IG2024: the disobedience


Malena Martinez, gracefully disobedient

Interview with the Peruvian scientist who quietly coordinates the research and development of the ingredients for Central, the world's number one restaurant in 2023. She’ll hold a lecture in Milan, on Saturday 9th of March

Malena Martinez is a scientist and co-director of

Malena Martinez is a scientist and co-director of Mater Iniciativa, an interdisciplinary, gastronomic and cultural organisation dedicated to investigating, preserving and sharing Peru's enormous biodiversity. She will talk about this at Identità Milano, on Saturday 9th of March at 2.20 pm, in the Auditorium (full programme and registration)

Disobedience. It is certainly not the first noun that comes to mind when observing her as she silently sketches in a notebook the pretty flowers, shoots and wild herbs of Moray, over 3,000 metres up in the Andes. As she whispers the many plots of Mater Iniciativa, the research centre founded on the investigation and deep understanding of the ingredients of Peru, one of the most megadiverse countries in the world. As she explains that science should weave a double thread with gastronomy.

Malena Martinez is disobedient every day, when she violates the rules that dictate sharing any breath on X, Instagram or Threads.

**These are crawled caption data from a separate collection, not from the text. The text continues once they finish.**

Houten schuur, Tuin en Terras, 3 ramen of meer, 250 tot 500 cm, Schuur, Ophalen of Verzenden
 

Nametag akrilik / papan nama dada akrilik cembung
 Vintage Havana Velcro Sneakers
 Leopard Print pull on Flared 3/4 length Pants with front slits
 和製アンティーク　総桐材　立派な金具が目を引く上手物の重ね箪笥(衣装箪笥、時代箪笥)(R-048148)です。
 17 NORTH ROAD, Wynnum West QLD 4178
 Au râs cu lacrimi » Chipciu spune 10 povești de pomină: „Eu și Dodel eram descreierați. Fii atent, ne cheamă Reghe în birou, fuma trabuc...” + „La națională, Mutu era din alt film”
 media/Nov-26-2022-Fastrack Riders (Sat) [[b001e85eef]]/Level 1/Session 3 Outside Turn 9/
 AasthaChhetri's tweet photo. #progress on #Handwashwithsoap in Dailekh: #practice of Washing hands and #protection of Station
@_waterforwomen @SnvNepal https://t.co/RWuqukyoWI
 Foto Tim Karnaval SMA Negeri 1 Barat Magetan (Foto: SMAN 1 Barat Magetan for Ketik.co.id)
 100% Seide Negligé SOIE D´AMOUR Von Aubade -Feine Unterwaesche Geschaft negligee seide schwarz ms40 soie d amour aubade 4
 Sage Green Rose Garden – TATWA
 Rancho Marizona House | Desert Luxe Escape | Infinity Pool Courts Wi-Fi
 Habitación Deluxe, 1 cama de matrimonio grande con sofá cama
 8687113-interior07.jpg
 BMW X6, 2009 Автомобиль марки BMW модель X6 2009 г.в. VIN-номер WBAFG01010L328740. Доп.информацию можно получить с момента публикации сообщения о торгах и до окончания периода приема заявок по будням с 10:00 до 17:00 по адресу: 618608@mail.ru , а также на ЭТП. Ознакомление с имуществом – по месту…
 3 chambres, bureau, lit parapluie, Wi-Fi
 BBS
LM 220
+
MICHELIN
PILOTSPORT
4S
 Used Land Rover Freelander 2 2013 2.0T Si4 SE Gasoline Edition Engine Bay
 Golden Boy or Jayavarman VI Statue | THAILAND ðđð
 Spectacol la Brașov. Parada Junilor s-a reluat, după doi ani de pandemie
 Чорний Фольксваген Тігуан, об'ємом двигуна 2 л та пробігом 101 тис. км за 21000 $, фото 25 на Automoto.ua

She never posts because she is a scientist: her field is not social threads but the laboratories and circular terraces of the sci-fi place that gave rise to Mil, one of the most fascinating projects we have seen in the last decade.

Virgil's sister silently tends the rich reservoir of everything that is cooked in the restaurants of Latin America's most celebrated group, which has its headquarters on this side of the Andes, Central in Lima, at the top of the 2023 World's 50Best.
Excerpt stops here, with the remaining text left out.